*WORK ORDER:* Word-for-word transcription needed. Include every entry below but no pictures.

*RECORDED DATA:*

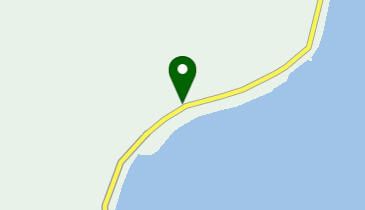 大洋工業の地図画像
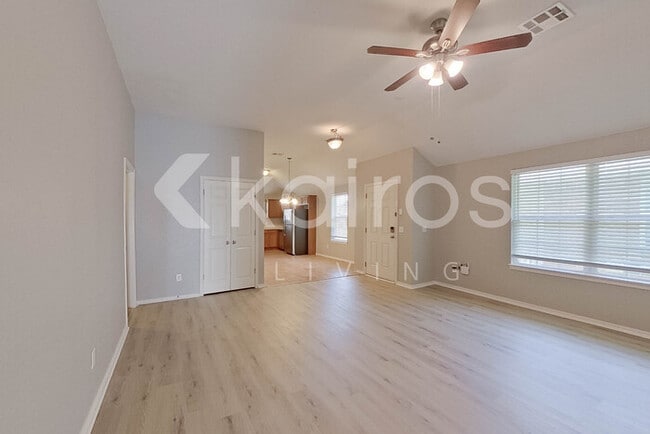 Photo - 3604 Liberty Dr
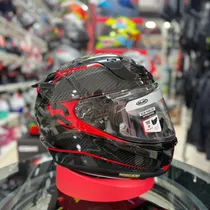  Capacete HJ...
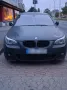 BMW e60 535 d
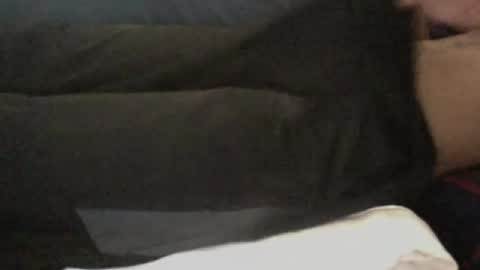 Snapshot of 2watchcock chatting on June 2026 07:53:02 PM Str8 Edge online show from June 2026 07:53:02 PM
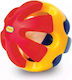 Tolo Toys Κουδουνίστρα για 3+ Μηνών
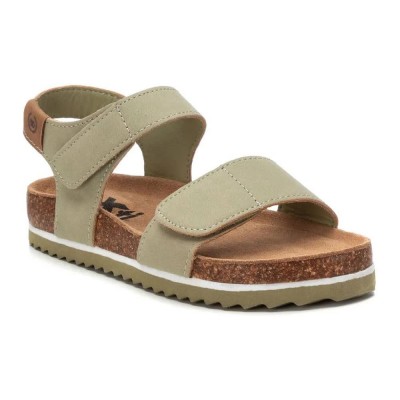 детски,сандали,детски,сандали,и,чехли,xti,kids,15118403,sandals,green,(khaki)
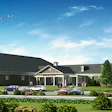 Rendering courtesy of Stanmar Inc.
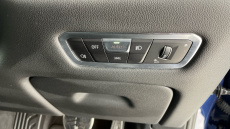 BMW X6 xDrive40i MHT M Sport 5dr Step Auto Petrol Estate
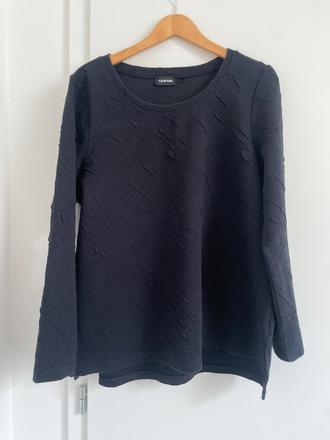 Tunika taifun od gw, gerry weber,46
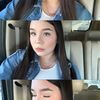 maddy_nevarez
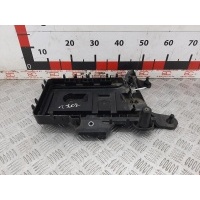 Крепление аккумулятора Volkswagen Passat 6 (2005-2012) 2008 1K0915333C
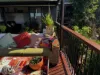47 Broadwater Esplanade, Bilambil Heights, NSW 2486-Image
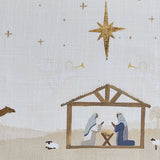 Away In A Manger Placemats-Lange General Store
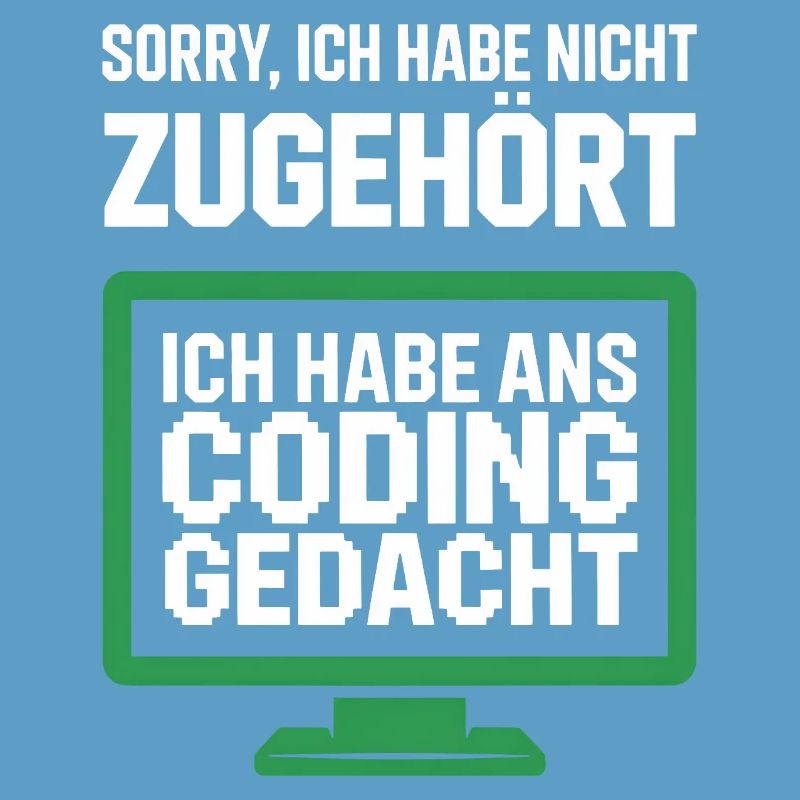 Affichage de la pensée de codage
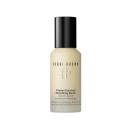 bobbi brown vitamin enriched smoothing serum 3 N5646 130x130px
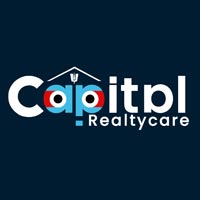 Capital Realtycare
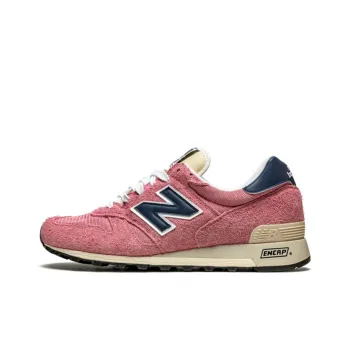 New Balance 1300 Aime Leon Dore Pink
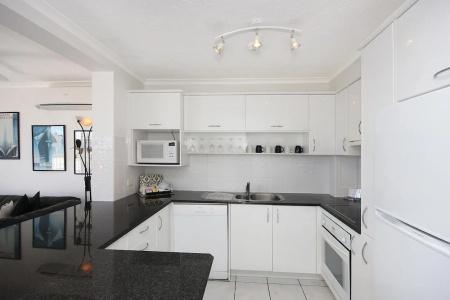 Spindrift on the Beach - Absolute Beachfront - 80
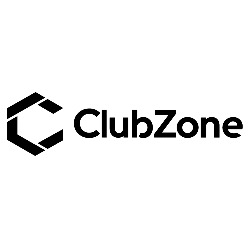 ClubZone s. r. o.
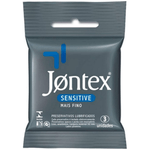 PRESERV-JONTEX-SENSIT-3UN-SM-BOLSO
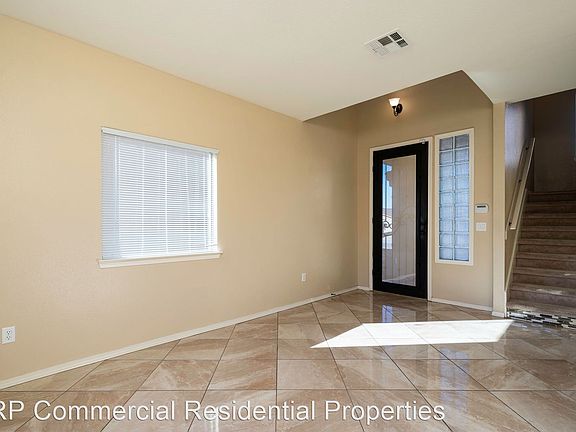 2nd image of 14220 Otter Point Dr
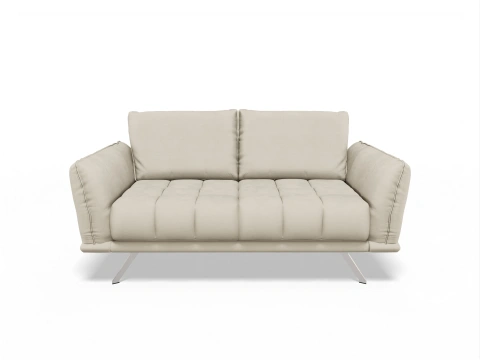 2,5-Sitzer Sofa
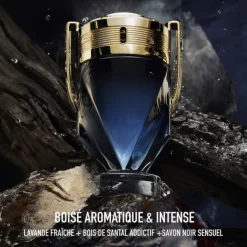 Rabanne Eau De Parfum><noscript><img width=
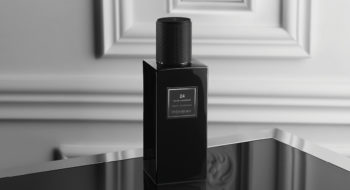 Yves Saint Laurent: Vestiaire Des Parfums si arricchisce di tre nuove realizzazioni esclusive
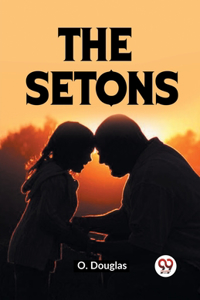 Setons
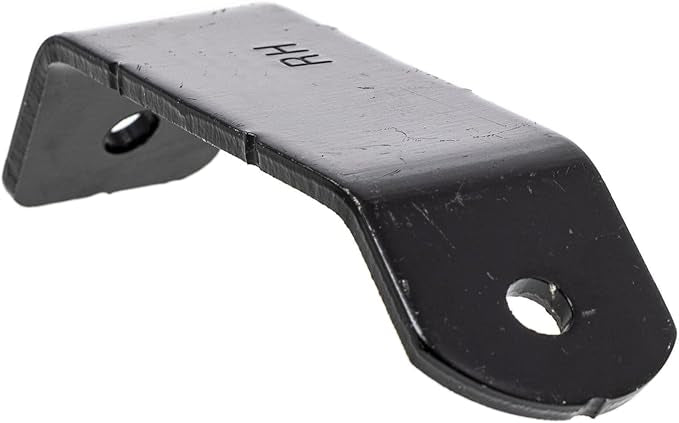 Right Hand Torque Strap Bracket - Husqvarna (585670801)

*SOLUTION BELOW:*
 大洋工業の地図画像
 Photo - 3604 Liberty Dr
  Capacete HJ...
 BMW e60 535 d
 Snapshot of 2watchcock chatting on June 2026 07:53:02 PM Str8 Edge online show from June 2026 07:53:02 PM
 Tolo Toys Κουδουνίστρα για 3+ Μηνών
 детски,сандали,детски,сандали,и,чехли,xti,kids,15118403,sandals,green,(khaki)
 Rendering courtesy of Stanmar Inc.
 BMW X6 xDrive40i MHT M Sport 5dr Step Auto Petrol Estate
 Tunika taifun od gw, gerry weber,46
 maddy_nevarez
 Крепление аккумулятора Volkswagen Passat 6 (2005-2012) 2008 1K0915333C
47 Broadwater Esplanade, Bilambil Heights, NSW 2486-Image
 Away In A Manger Placemats-Lange General Store
 Affichage de la pensée de codage
 bobbi brown vitamin enriched smoothing serum 3 N5646 130x130px
 Capital Realtycare
 New Balance 1300 Aime Leon Dore Pink
 Spindrift on the Beach - Absolute Beachfront - 80
 ClubZone s. r. o.
 PRESERV-JONTEX-SENSIT-3UN-SM-BOLSO
 2nd image of 14220 Otter Point Dr
 2,5-Sitzer Sofa
 Rabanne Eau De Parfum><noscript><img width=
 Yves Saint Laurent: Vestiaire Des Parfums si arricchisce di tre nuove realizzazioni esclusive
 Setons
 Right Hand Torque Strap Bracket - Husqvarna (585670801)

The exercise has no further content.